Les socialistes tente de peser dans le débat avec un « contre-budget »
Les socialistes tente de peser dans le débat avec un « contre-budget »
Par Audrey Tonnelier
Le groupe Nouvelle Gauche à l’Assemblée nationale a présenté, mercredi 4 octobre, une réponse au projet de loi de finances dévoilé le 27 septembre par le gouvernement.
Peser, montrer que l’on existe, tenter de convaincre. Resté jusqu’à présent très discret dans les débats parlementaires, le groupe Nouvelle Gauche a choisi de présenter, mercredi 4 octobre, un « contre-budget » en réponse au projet de loi de finances 2018 dévoilé le 27 septembre par le gouvernement. Alors que la polémique enfle autour d’un budget 2018 favorable aux plus aisés, et que la réforme de l’ISF fracture jusque dans la majorité, l’ex-groupe PS, laminés aux élections législatives de juin, a jugé le moment opportun pour tenter de peser dans l’hémicycle face à ses tonitruants voisins de La France insoumise.
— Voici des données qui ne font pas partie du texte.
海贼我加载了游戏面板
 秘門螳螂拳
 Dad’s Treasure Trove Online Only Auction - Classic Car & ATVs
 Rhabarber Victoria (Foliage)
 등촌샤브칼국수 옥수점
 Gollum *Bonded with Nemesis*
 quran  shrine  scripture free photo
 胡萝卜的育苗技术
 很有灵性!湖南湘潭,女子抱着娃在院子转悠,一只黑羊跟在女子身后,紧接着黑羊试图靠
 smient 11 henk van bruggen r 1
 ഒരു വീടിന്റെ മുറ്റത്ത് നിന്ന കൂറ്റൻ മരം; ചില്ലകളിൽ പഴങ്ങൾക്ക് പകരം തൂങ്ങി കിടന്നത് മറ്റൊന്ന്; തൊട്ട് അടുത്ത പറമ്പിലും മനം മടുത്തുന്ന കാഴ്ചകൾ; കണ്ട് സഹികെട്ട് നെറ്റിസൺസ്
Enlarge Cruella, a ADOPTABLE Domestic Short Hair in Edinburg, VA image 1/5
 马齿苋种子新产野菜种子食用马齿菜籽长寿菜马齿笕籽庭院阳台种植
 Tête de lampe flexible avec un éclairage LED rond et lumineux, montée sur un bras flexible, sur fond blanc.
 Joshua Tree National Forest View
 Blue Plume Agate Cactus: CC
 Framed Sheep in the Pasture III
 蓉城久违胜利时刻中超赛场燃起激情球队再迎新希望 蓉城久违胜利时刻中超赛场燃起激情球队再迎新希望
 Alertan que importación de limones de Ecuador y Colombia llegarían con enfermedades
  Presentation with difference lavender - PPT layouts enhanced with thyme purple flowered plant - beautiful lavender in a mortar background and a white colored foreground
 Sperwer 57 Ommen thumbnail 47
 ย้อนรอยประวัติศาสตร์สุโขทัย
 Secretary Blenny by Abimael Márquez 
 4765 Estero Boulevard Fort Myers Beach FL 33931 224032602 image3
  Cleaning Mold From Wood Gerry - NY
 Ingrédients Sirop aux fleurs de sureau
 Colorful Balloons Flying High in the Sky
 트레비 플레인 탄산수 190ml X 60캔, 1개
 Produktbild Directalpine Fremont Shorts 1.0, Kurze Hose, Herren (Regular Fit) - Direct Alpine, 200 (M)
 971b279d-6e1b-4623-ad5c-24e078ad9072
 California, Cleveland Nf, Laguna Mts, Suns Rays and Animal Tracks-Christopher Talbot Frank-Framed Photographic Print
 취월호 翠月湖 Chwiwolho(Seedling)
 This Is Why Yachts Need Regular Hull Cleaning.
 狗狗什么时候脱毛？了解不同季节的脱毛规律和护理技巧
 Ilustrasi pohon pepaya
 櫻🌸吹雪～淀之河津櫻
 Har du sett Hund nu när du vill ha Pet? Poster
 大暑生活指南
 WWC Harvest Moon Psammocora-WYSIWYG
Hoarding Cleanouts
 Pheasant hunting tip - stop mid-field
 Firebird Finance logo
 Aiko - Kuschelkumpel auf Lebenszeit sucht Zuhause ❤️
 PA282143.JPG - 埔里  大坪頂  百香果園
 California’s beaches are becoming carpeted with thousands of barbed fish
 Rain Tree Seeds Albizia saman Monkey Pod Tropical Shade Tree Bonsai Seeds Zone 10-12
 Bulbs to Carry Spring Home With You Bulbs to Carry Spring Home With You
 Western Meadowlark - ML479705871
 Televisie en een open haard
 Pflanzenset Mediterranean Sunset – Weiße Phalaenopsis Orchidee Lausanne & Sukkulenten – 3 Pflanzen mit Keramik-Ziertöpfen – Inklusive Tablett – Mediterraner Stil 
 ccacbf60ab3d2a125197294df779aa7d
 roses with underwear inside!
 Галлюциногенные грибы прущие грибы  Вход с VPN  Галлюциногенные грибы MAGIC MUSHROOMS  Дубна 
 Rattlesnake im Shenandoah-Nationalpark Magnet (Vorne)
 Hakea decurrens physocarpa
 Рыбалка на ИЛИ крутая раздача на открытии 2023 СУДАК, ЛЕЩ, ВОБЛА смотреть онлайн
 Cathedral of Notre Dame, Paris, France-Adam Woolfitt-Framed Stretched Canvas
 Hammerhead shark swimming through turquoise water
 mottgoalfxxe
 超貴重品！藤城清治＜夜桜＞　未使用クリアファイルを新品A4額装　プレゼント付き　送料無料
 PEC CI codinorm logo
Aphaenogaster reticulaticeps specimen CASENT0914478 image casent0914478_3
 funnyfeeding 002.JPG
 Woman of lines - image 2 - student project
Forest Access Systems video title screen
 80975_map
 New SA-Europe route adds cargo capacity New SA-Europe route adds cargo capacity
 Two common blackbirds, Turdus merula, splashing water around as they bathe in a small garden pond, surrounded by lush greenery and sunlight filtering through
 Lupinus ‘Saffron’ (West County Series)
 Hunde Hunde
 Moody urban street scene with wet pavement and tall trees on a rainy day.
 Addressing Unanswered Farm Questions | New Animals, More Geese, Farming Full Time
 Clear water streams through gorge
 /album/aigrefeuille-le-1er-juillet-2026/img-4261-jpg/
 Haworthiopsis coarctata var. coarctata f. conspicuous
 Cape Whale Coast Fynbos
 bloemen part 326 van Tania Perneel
« Nous ne voulons pas laisser penser qu’après l’abolition du clivage gauche-droite souhaité par le président de la République, il y aurait aussi une abolition du débat. On peut être en désaccord sans être dans l’excès et la surenchère», a martelé Olivier Faure, patron du groupe à l’Assemblée.
La carte du sérieux
Conscient que sur ce sujet aussi technique que sensible, la bataille se livre à coup de chiffres et de graphiques, Nouvelle Gauche a choisi de jouer la carte du sérieux. A la manœuvre, Valérie Rabault, qui fut rapporteure du budget à la Commission des finances de 2014 à 2017. « Il s’agit à la fois de réduire les inégalités et de soutenir la reprise, deux points qui ne trouvent pas de réponse efficace dans le projet de loi de finances », a-t-elle expliqué.
Pas question pour autant de big-bang fiscal et budgétaire : les socialistes ont choisi de formuler des propositions sur la base des hypothèses de croissance du PIB (1,7 % cette année et 1,8 % en 2018) et de déficit public proches de celles du gouvernement (2,7 % de déficit l’an prochain contre 2,6 % visé par l’exécutif). Sans surprise, Nouvelle Gauche souhaite revenir sur la suppression de l’ISF, car « les contribuables qui vont [en] bénéficier ont en moyenne plus de 10 000 euros de revenus par mois » et s’oppose à la mise en place du prélèvement forfaitaire unique. Cette nouvelle fiscalité du capital n’offre aucune assurance que l’épargne non taxée sera investie dans l’économie tricolore, arguent les députés. « L’assurance-vie [placement majoritairement investi en emprunts d’Etat] représente la moitié de l’épargne financière des 10 % de Français qui ont le plus de patrimoine », fait valoir Mme Rabault. Elle propose de conserver l’ISF-PME, d’ajouter une niche encourageant l’actionnariat familial et de mieux flécher l’épargne de l’assurance-vie vers les entreprises.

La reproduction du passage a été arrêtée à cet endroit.